Where the EPD is the final report, the foundation of any EPD is a lifecycle assessment (LCA). This LCA allows you to evaluate your product’s environmental performance over its entire life-cycle. It typically takes into consideration your full value chain, from material extraction through to manufactured product, its usage stage and end of life.
An EPD is a so-called type III environmental declaration that is compliant with the ISO 14025 standard. A type III environmental declaration is created and registered in the framework of a programme, such as the International EPD® System.
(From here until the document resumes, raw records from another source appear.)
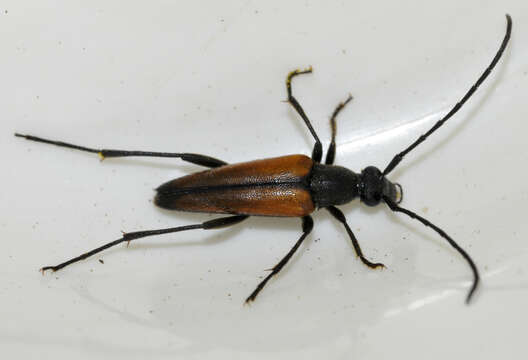 Image of Black-striped Longhorn Beetle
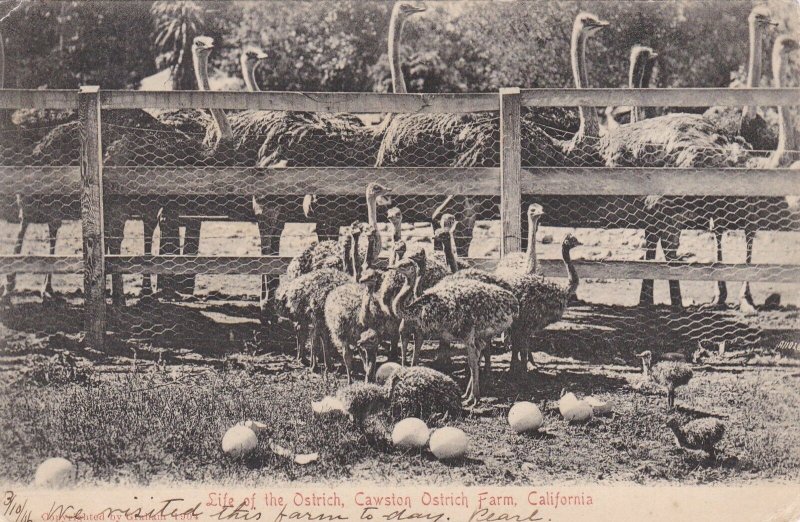 California Los Angeles Scene At Cawston Ostrich Farm 1906 sk6401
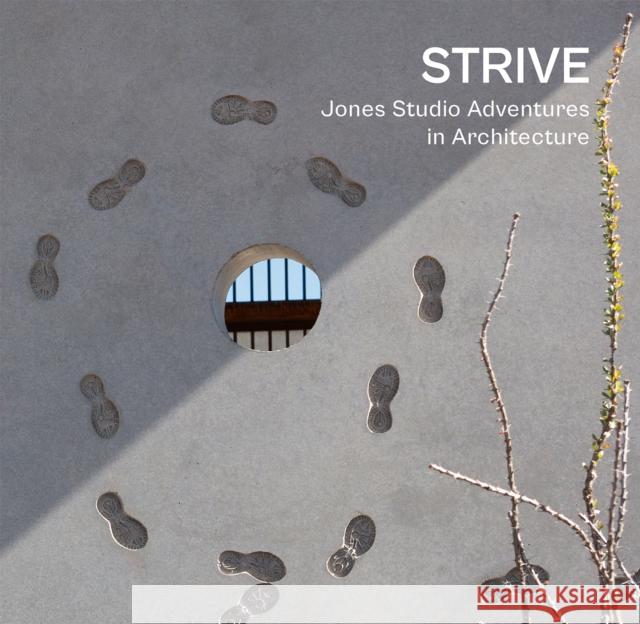 Strive: Jones Studio Adventures in Architecture Marlon Blackwell 9781946226662 Oscar Riera Ojeda Publishers Limited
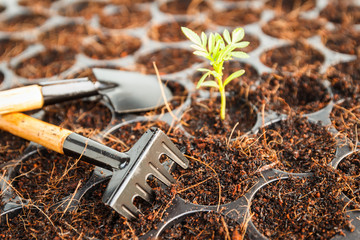 small marigold flower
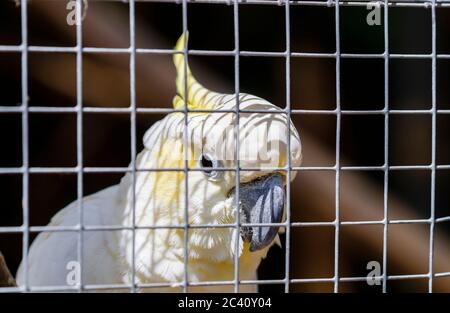 Ein Gelbhaubenkakatoo (Cacatua sulfurea) in einem Käfig in Birdworld, nahe Farnham an der Grenze zwischen Hampshire und Surrey Stockfoto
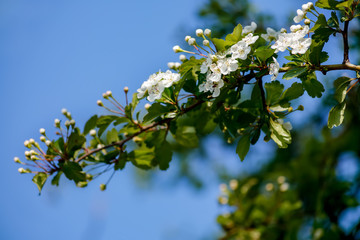 Blooming bushes branch in springtime. Beautiful white florets in orchard. Blue sky. Spring bushes with soft focus and blurry. Toned image doesn’t in focus.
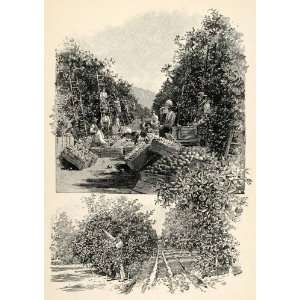  1902 Wood Engraving Orange Grove Packing Naval Irrigation 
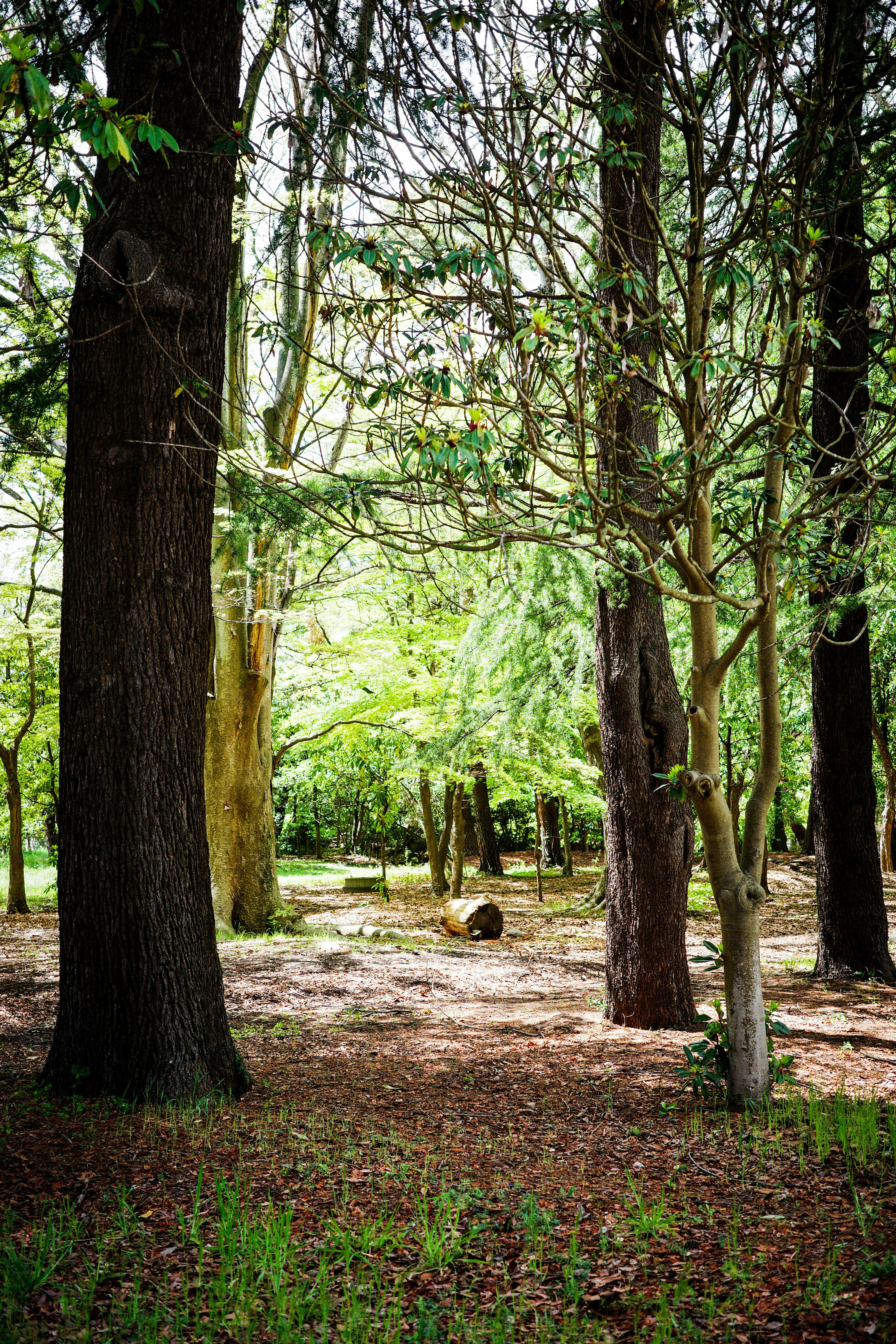 sentier en forêt bordé d’arbres et de feuilles mortes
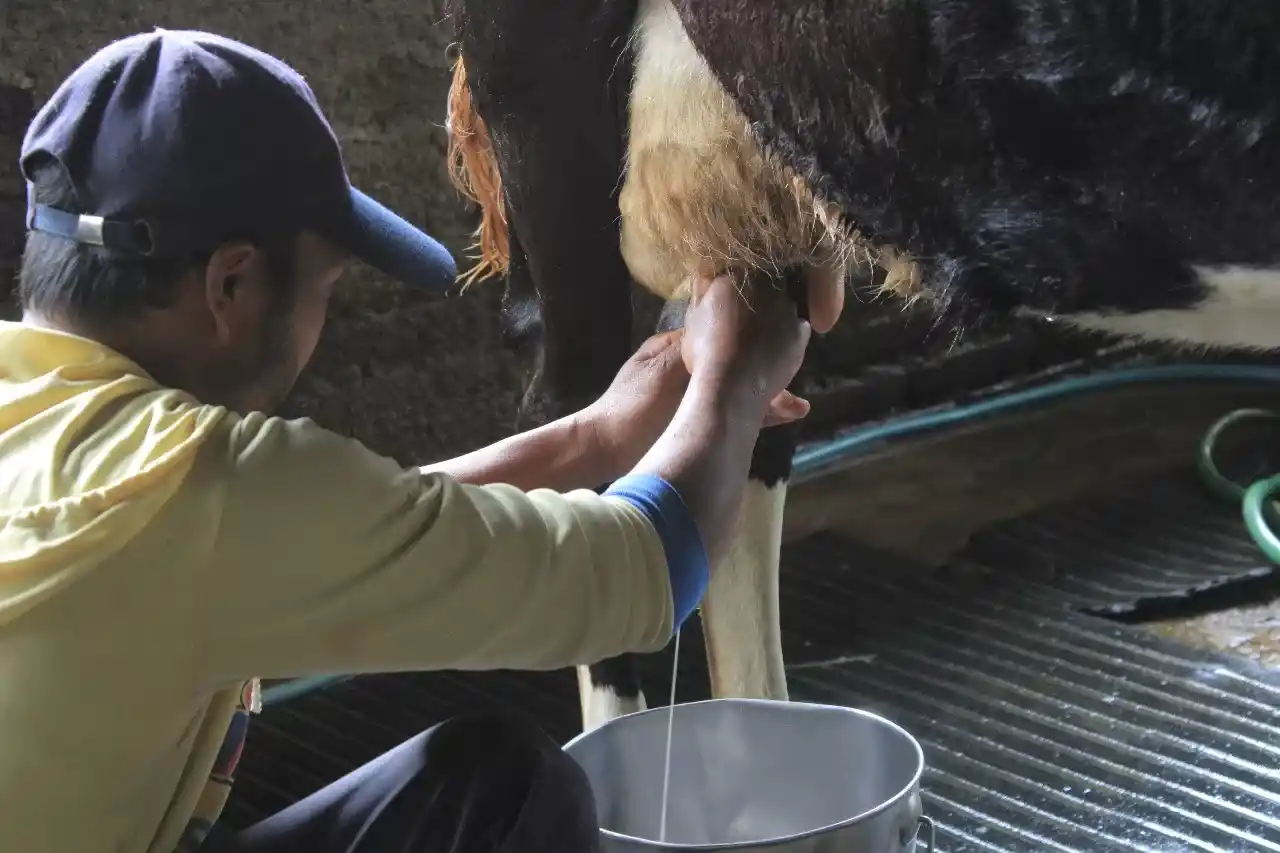 Susu Impor Bebas Pajak, Peternak Lokal Menangis [Foto: Repro]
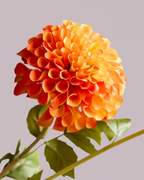 DAHLIA IN ORANGE (XL HEAD)
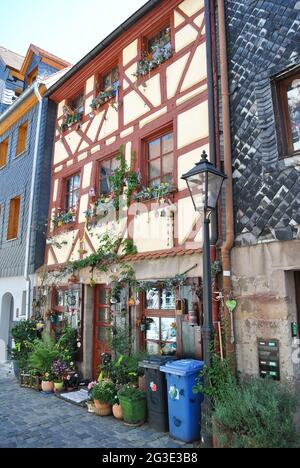 La façade de l'ancien bâtiment est tressée par des plantes vertes et une entrée décorée Banque D'Images
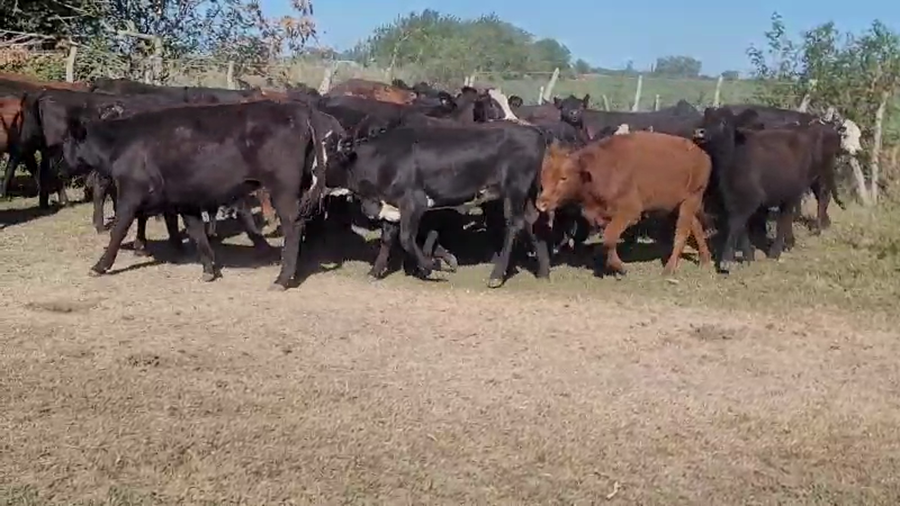 Lote 53 Terneros/as en Colón, Entre Ríos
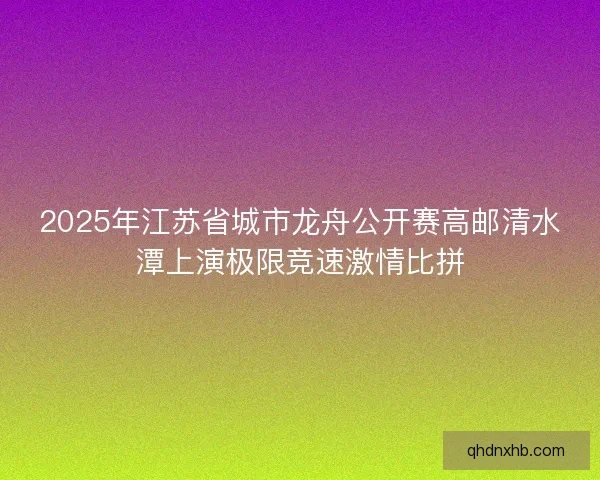 2025年江苏省城市龙舟公开赛高邮清水潭上演极限竞速激情比拼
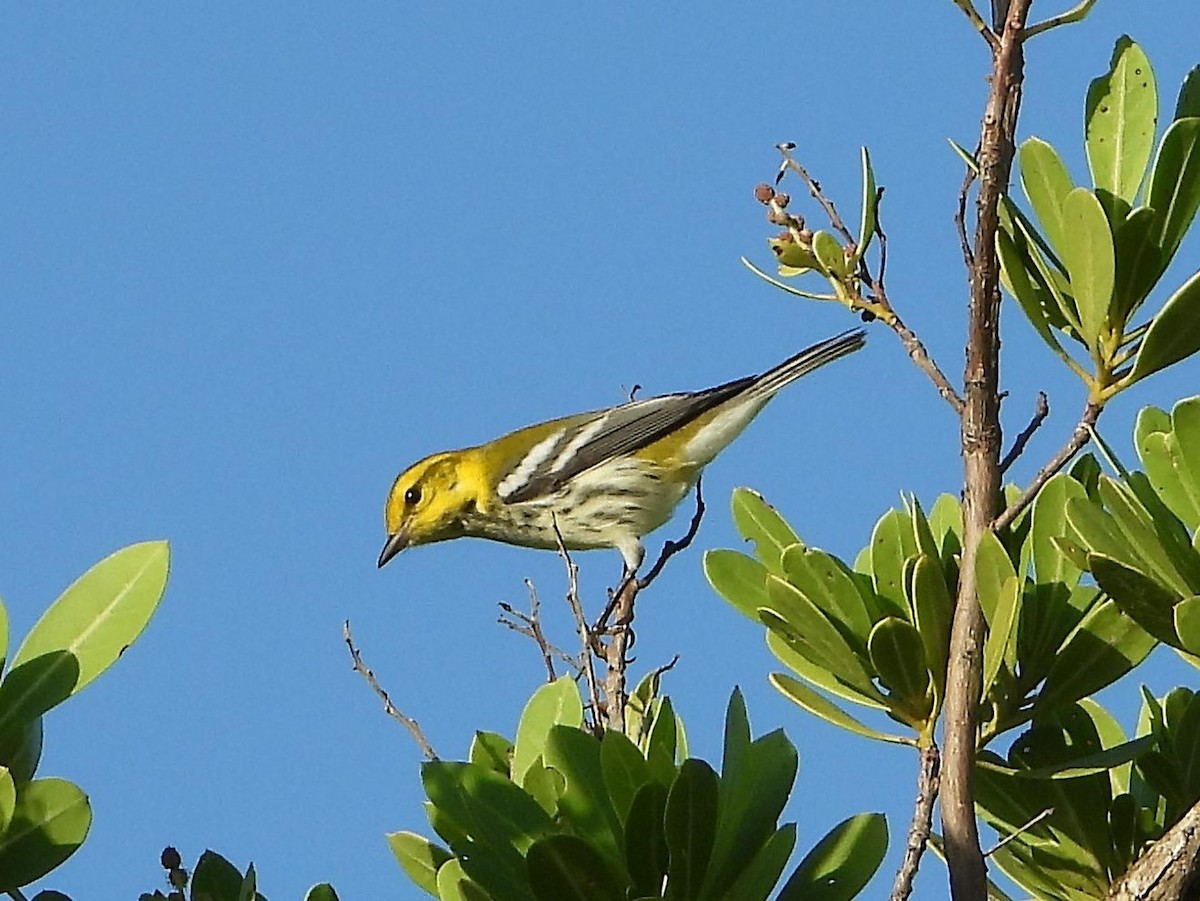 Black-throated Green Warbler - Barry Reed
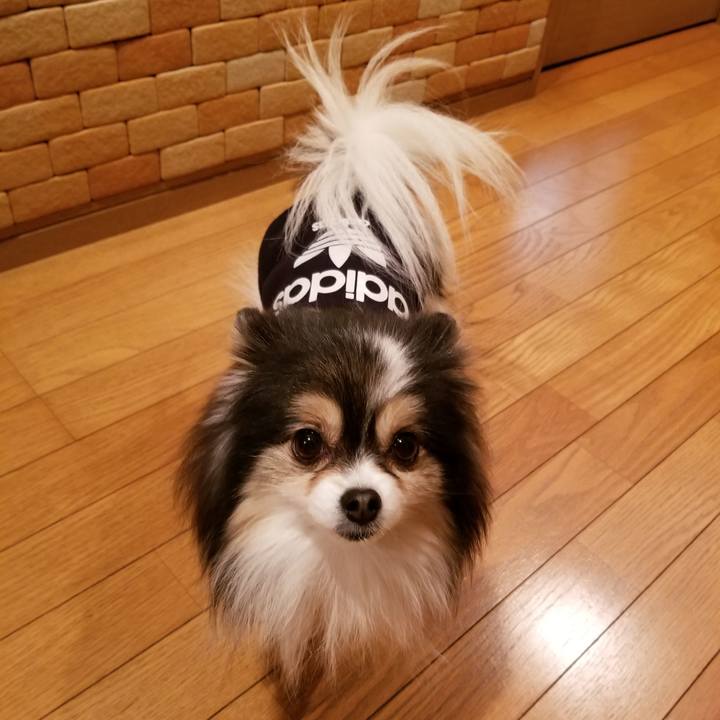 60d5039c c8ce 42d6 a8fa 5131b267e06e 1582023215573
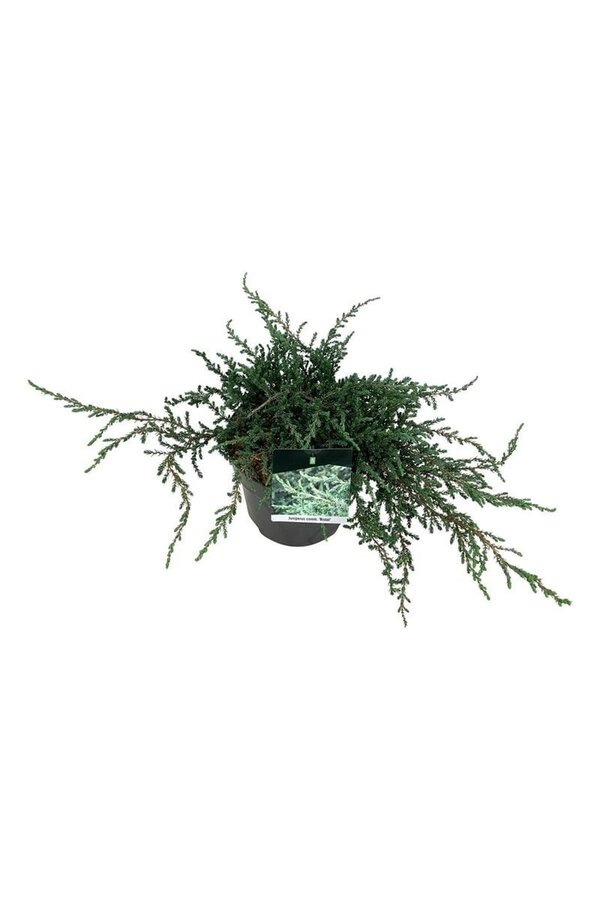 Zypresse Juniperus Ristol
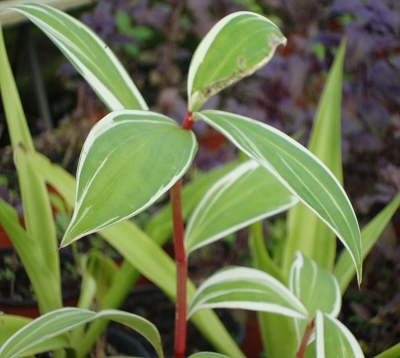 Costus speciosus variegata - Canne d'eau panachée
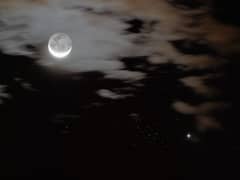 Preview of Jupiter, Moons and Bees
EPDs registered in the International EPD System are publicly available and free to download through the EPD Library, accessible via this link.
In physical terms, an EPD consists of two key documents:
EPD background project report, a systematic and comprehensive summary of the LCA project to support the third-party verifier when verifying the EPD.
This report is not part of the public communication.
Public EPD document that provides the results.
As a voluntary declaration of the life-cycle environmental impact, having an EPD for a product does however not imply that the declared product is environmentally superior to alternatives.
Continue reading to find out more about the EPD - what is it, and what not? And why they will be beneficial to your business.
The overall goal of an EPD is to provide relevant and verified information to meet the various communication needs.
An important aspect of EPD is to provide the basis of a fair comparison of products and services by their environmental performance. EPDs can reflect the continuous environmental improvement of products and services over time and can communicate and add up relevant environmental information along a product's supply chain.
EPDs are based on principles inherent in the ISO standard for Type III environmental declarations (ISO 14025) giving them a wide-spread international acceptance.
The single-company, product-specific EPD is the most common type of EPD. Its based on a valid PCR and describing the life cycle environmental impact of one (1) or - very similar products - from one single manufacturer.
Single-company EPDs provide data on one product made by one manufacturer, but can encompass several factories. When a manufacturer produces a product in several plants thorughout the world, but all plants use the same processes, they can be covered by a single EPD.
In LEED v4, this is referred to as a "Product-specific Type III EPD".
Project and product-specific EPDs are useful when specific data for an exact product and project (e.g. in public procurement) are requested by the EPD users and e.g. the transportation calculation would somehow differ from the one documented in a verified EPD.
The project specific, single product EPD compulsorily requires a manufacturer to have a single-company,single product EPD that forms the basis for the project specific adapation.
PLEASE NOTE!
Project specific EPDs can cause some market confusion, because some peer EPD programme operators offer the publication of such non third-party verified LCA-studies via their systems as an ISO14021 Self-declared Environmental Claim, and not as an ISO14025 verified Environmental Declaration. Often these reports claim ISO14025 compliance, but come accompanied with notations regarding the EPDs' internal verification or self-declaration characteristics.
Similar products made by the same manufacture can be included in a Group EPD.
Similar products from a single or several manufacturing sites covered by the same PCR and manufactured by the same company with the same major steps in the core processes may be included in the same EPD if the differences between the declared environmental performance indicators are lower than ±10%.
One set of results shall be declared for one representative product.
The choice of representative product shall be justified in the EPD, using, where applicable, statistical parameters.
A Sector EPD is developed by an industry asscociation and declares the average product of multiple companies in a clearly defined sector and/or geographical area.
Products covered in a Sector EPD shall follow the same PCR and the same functional/ declared unit shall be applied.
Any communication of the results from a sector EPD should contain the information that the results are based on averages obtained from the sector as defined in the EPD.
The communication shall not claim that the sector EPD results are representative for a certain manufacturer or its product. As that, a single EPD cannot represent several products and several manufacturers.
In the context of EN 15804, a Sector EPD is sometimes referred to as an "Average EPD". Elsewhere, they could be referred to as "Industry-wide EPD" or "Generic EPD".